Two storylines. No three. No two. One? … Quantum mechanics. Metafiction. Superpowers. Hello Kitty. Cats. Zen Buddhist Nuns. Ghosts. Dot-coms. Philosophy. WWII. 9/11. What am I missing? What am I missing?
A Tale for the Time Being is a brilliant novel in that way that books can sometime be brilliant. It's the sort of novel that you'll probably feel strongly about from the beginning, or be completely indifferent to. But what else is there? Perhaps, as Jiko would say, they are “same thing.” It's a complex book that seems fairly straightforward until it gets closer and closer to the end. It's the sort of book where everyone is a philosopher (EVERYONE!), everyone has a wondrous story to tell, yet everyone is so prosaic.

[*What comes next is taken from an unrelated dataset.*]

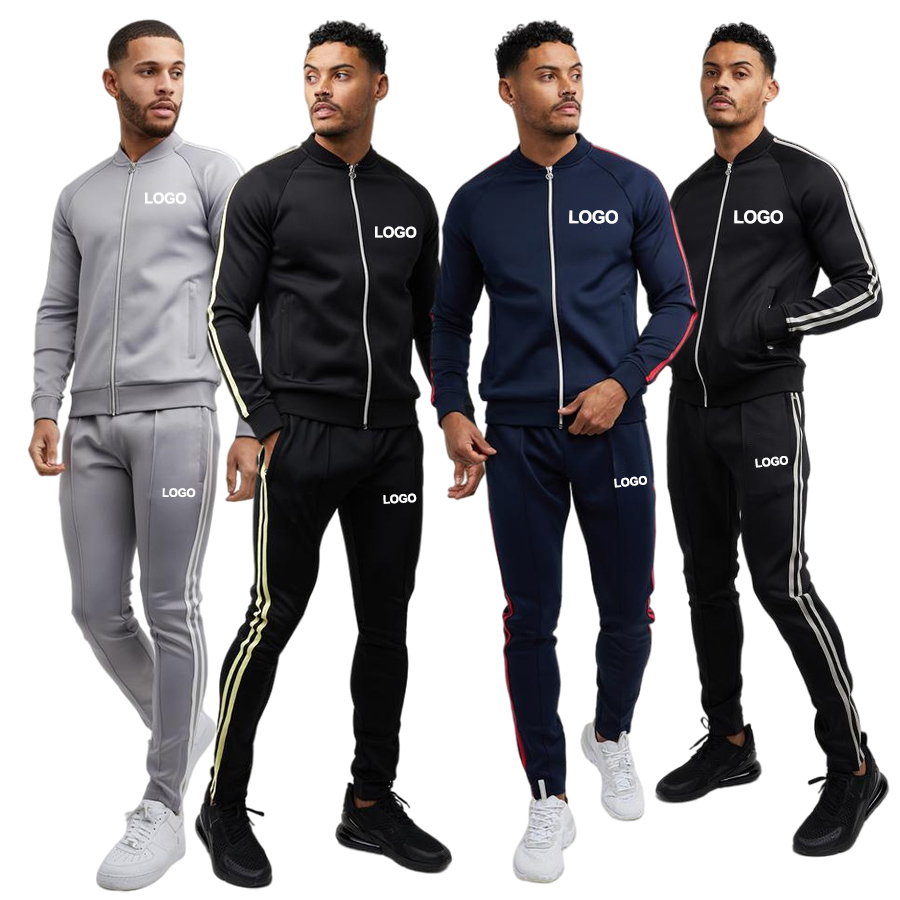 2021 high quality fashion custom printing logo plain sweatsuit slim fitted men zipper tracksuit jogging suit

A Tale for the Time Being might be a paradox; or it could just be a book. Not just any book, but a complex metafictional book that Booker types eat up. Now, I am one of those Booker types. I love that prize. Every other literary prize gets it wrong, but the judges at Booker—they're my homies. And yet, I couldn't connect with this novel. Aside from Haruki #1, a character only in the sense of found correspondence, I was unable to connect with the characters. Too many philosophers amongst them. And Nao. Nao was part-philosopher, part-fangirl with a fascinating story and no voice to tell it in. At least not the right voice, I felt.
Perhaps this novel is an example of a good idea getting in the way of a good story. There was considerable potential here, and those willing to work at it, those able to identify with one character or another, they'll probably love this tale. Give it a hundred pages. If you enjoy the characters, press on. If you love multi-layered fiction worthy of dissection, press on. But if you've made it that far and haven't fallen in love, you probably won't. Whether you read all 432 pages, or just make it through the first chapter, it doesn't matter; they're “same thing” to the philosophers and time beings found in this novel.